Dayforce US, Inc. and all its U.S. affiliates and subsidiaries using the Dayforce brand name, complies with the EU-U.S. Data Privacy Framework (EU-U.S. DPF), the UK Extension to the EU-U.S. DPF, and the Swiss-U.S. Data Privacy Framework (Swiss-U.S. DPF) as set forth by the U.S. Department of Commerce. Dayforce has certified to the U.S. Department of Commerce that it adheres to the EU-U.S. Data Privacy Framework Principles (EU-U.S. DPF Principles) with regard to the processing Personal Information received from the European Union in reliance on the EU-U.S. DPF and from the United Kingdom (and Gibraltar) in reliance on the UK Extension to the EU-U.S. DPF. Dayforce also utilizes SCCs and the UK Addendum to the SCCs for the transfer of Personal Information from the EU, Switzerland and UK to other countries.

Dayforce is responsible for the processing of personal information it receives under the DPF and subsequently transfers to a third party acting on our behalf. Dayforce complies with the DPF Principles for all onward transfers of personal information from the EU, UK, and Switzerland, including the onward transfer liability provisions.

If there is any conflict between the terms in this privacy statement and the EU-U.S. DPF Principles and/or the Swiss-U.S. DPF Principles, the Principles shall govern. To learn more about the Data Privacy Framework (DPF) Program, and to view Dayforce’s certification, please visit https://www.dataprivacyframework.gov/.

Security

Dayforce has implemented policies and procedures to protect Personal Information. Dayforce uses recognized industry standard security safeguards appropriate to the sensitivity of the Personal Information. Dayforce reviews its security policies and procedures on a regular basis and updates them as needed to maintain their relevance. Dayforce provides reasonable security controls for customers to configure in order to protect their Personal Information from and against risks, such as loss or theft, as well as unauthorized access, collection, use, disclosure, copying, modification, disposal and destruction.

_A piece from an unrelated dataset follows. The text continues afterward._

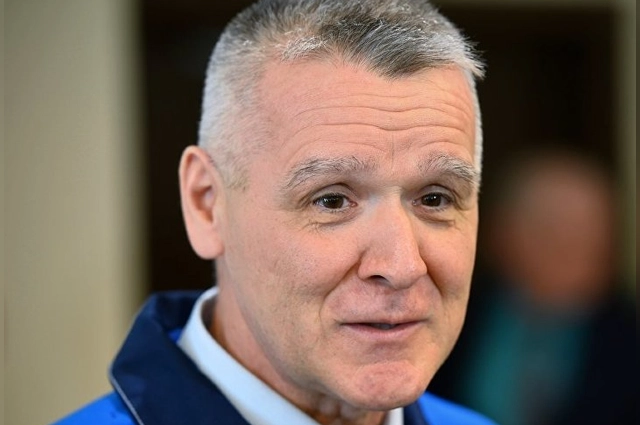 Ханбиков находится под домашним арестом.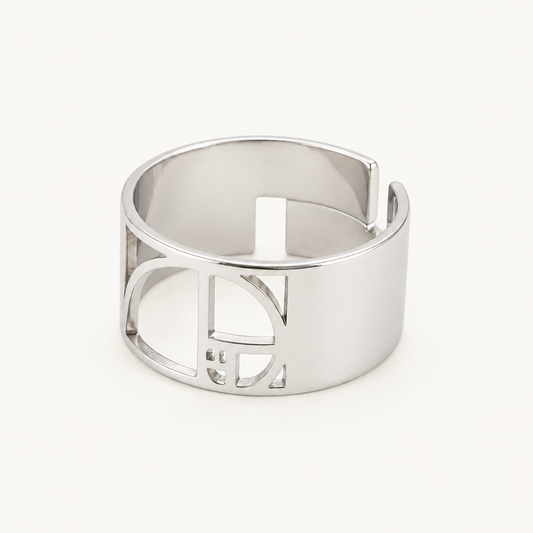 Fibonacci Ring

How to Contact Dayforce and Dispute Resolution Mechanism

If you have any inquiries or complaints about our handling of your Personal Information under the Data Privacy Framework, or about our privacy practices generally, please contact us at:

Chief Privacy Officer
Dayforce US, Inc.
3311 E. Old Shakopee Road
Bloomington, MN 55425
Telephone: 1-888-975-7674
Email: [email protected]

 

If you have unresolved issues, you may contact your local privacy regulator.

In compliance with the EU-U.S. DPF, the UK Extension to the EU-U.S. DPF, and the Swiss-U.S. DPF, Dayforce commits to cooperate and comply respectively with the advice of the panel established by the EU data protection authorities (DPAs), the UK Information Commissioner’s Office (ICO) and the Gibraltar Regulatory Authority (GRA), and the Swiss Federal Data Protection and Information Commissioner (FDPIC), with regard to unresolved complaints concerning our handling of personal data received in reliance on the EU-U.S. DPF, the UK Extension to the EU-U.S. DPF, and the Swiss-U.S. DPF. In certain circumstances, you may invoke binding arbitration. To learn more visit https://www.dataprivacyframework.gov/s/article/ANNEX-I-introduction-dpf?tabset-35584=2.

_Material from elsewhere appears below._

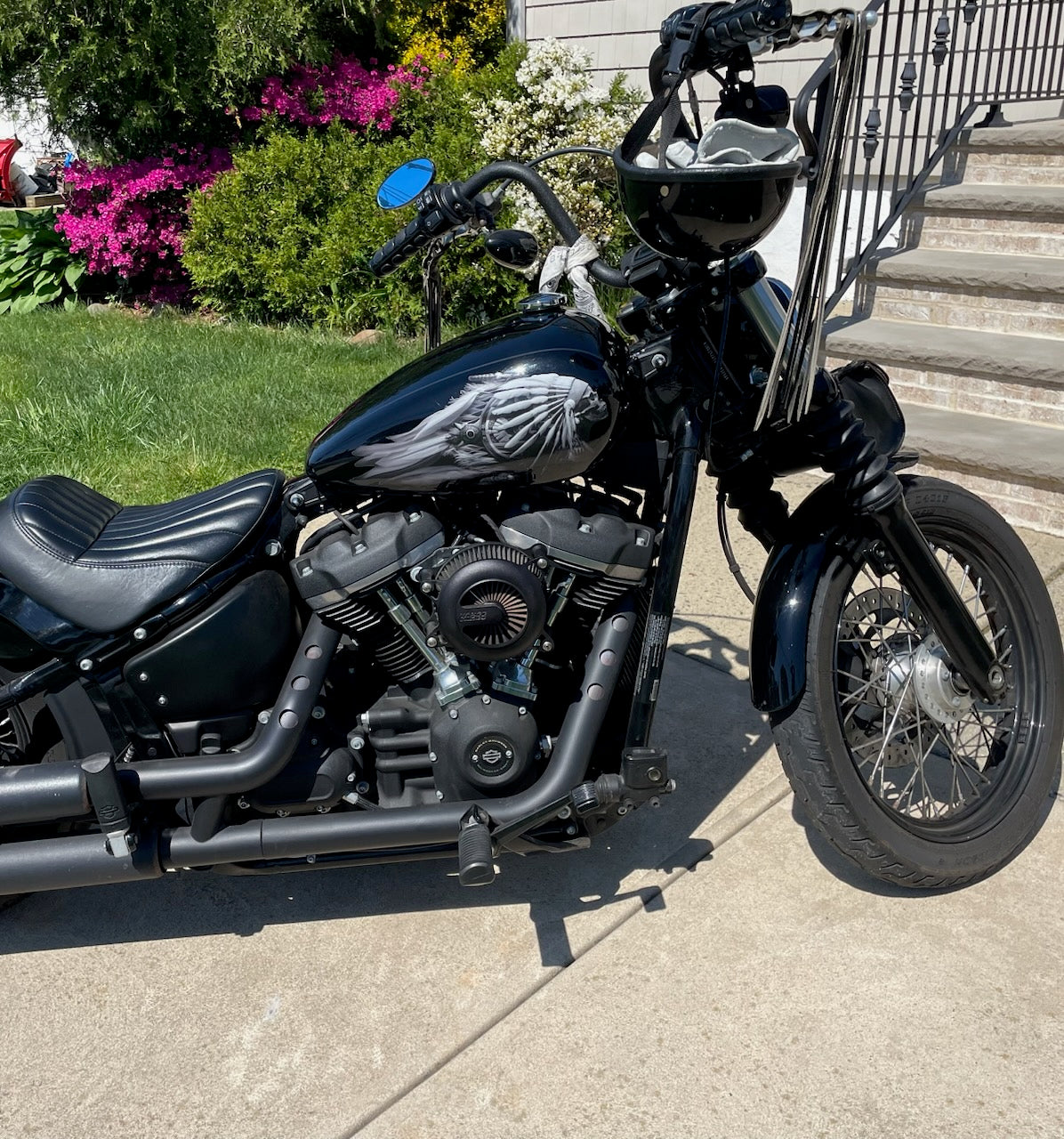 Dreamcatcher Skull Warbonnet - Universal Tank Decal-B&W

The Federal Trade Commission has jurisdiction over Dayforce’s compliance with the EU-U.S. Data Privacy Framework (EU-U.S. DPF) and the UK Extension to the EU-U.S. DPF, and the Swiss-U.S. Data Privacy Framework (Swiss-U.S. DPF).


Changes to this Privacy Statement

Dayforce may update this Statement periodically to reflect changes to our privacy practices. We will provide notice online when we make any material changes to this Statement.